Effectively no. Under IRC Section 6501(c)(8), failing to file required information like Form 5472 can hold the assessment period open for the entire return, so the penalty exposure does not expire the way ordinary tax assessments do.
The reason a missed Form 5472 never becomes “safe” lies in a different statute: IRC §6501(c)(8). Ordinarily, the IRS has three years to assess tax (six in some cases). But §6501(c)(8) provides that when required information under provisions including §6038A is not furnished, the limitations period does not begin to run — and can stay open for the entire return — until the information is filed.
| Rule | Effect |
|---|---|
| Ordinary assessment period | 3 years (IRC §6501(a)) |
| Failure to furnish §6038A information | Period suspended until filed (IRC §6501(c)(8)) |
| Practical result for unfiled Form 5472 | No effective statute of limitations |
| How to start the clock | File the delinquent Form 5472 |
Source: IRC §6501(a), §6501(c)(8); §6038A. Verified June 2026.
The practical takeaway is the same one the missed Form 5472 guide stresses: because the clock does not run while the form is unfiled, the only way to start it — and to limit exposure — is to file the delinquent return.
Section 6038A(a) requires a reporting corporation to keep records sufficient to establish the correctness of its return, substantiating each reportable transaction with a related party. Failure to maintain records carries its own $25,000 penalty.
Reporting is only half of §6038A. Subsection (a) imposes a parallel record-keepingobligation: a reporting corporation must maintain records sufficient to establish the correctness of its federal income tax return, including the amount and nature of each reportable transaction with a related party. The regulations at Treas. Reg. §1.6038A-3 detail the scope.
For a small foreign-owned LLC, satisfying this duty is straightforward in principle: keep bank statements, the operating agreement, loan agreements, invoices, and a ledger of money moving between the owner and the entity. The danger is that a separate $25,000 penalty under §6038A(d) applies to a failure to keep these records — independent of, and in addition to, any penalty for not filing the form.

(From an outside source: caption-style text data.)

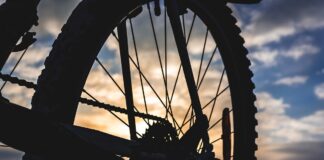 Bibione: ultimi imperdibili appuntamenti con Riding in the dark Riding in the Dark - Sentire Bibione, la pedalata notturna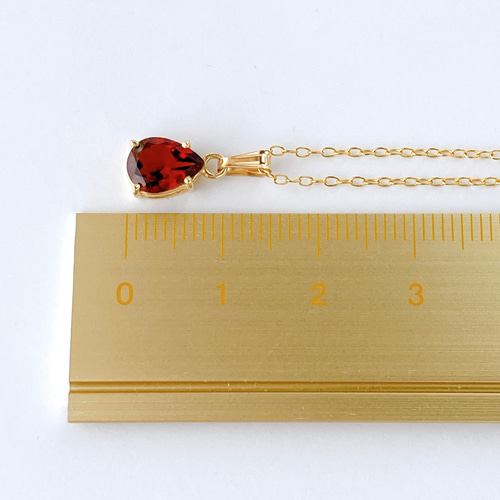 特集・メルマガ掲載【しずく型ガーネットのピアス/イヤリングと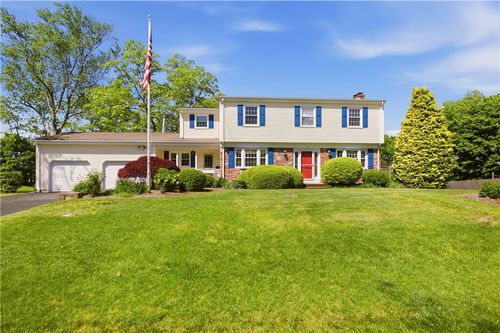 5 Heritage Rd, Bristol, RI, 02809-3515 | Card Image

Section 6038A(e) lets the IRS require the foreign owner to authorize the US entity to act as its agent for summonses. Failure to act as agent can lead to the IRS determining transaction amounts itself and applying noncompliance penalties.
The third pillar of §6038A is the agency rule in subsection (e). It allows the IRS to require that the foreign related party authorize the US reporting corporation to act as its agent for purposes of IRS summonses seeking records about reportable transactions. The authorization is typically documented on a power of attorney or a written authorization of agent.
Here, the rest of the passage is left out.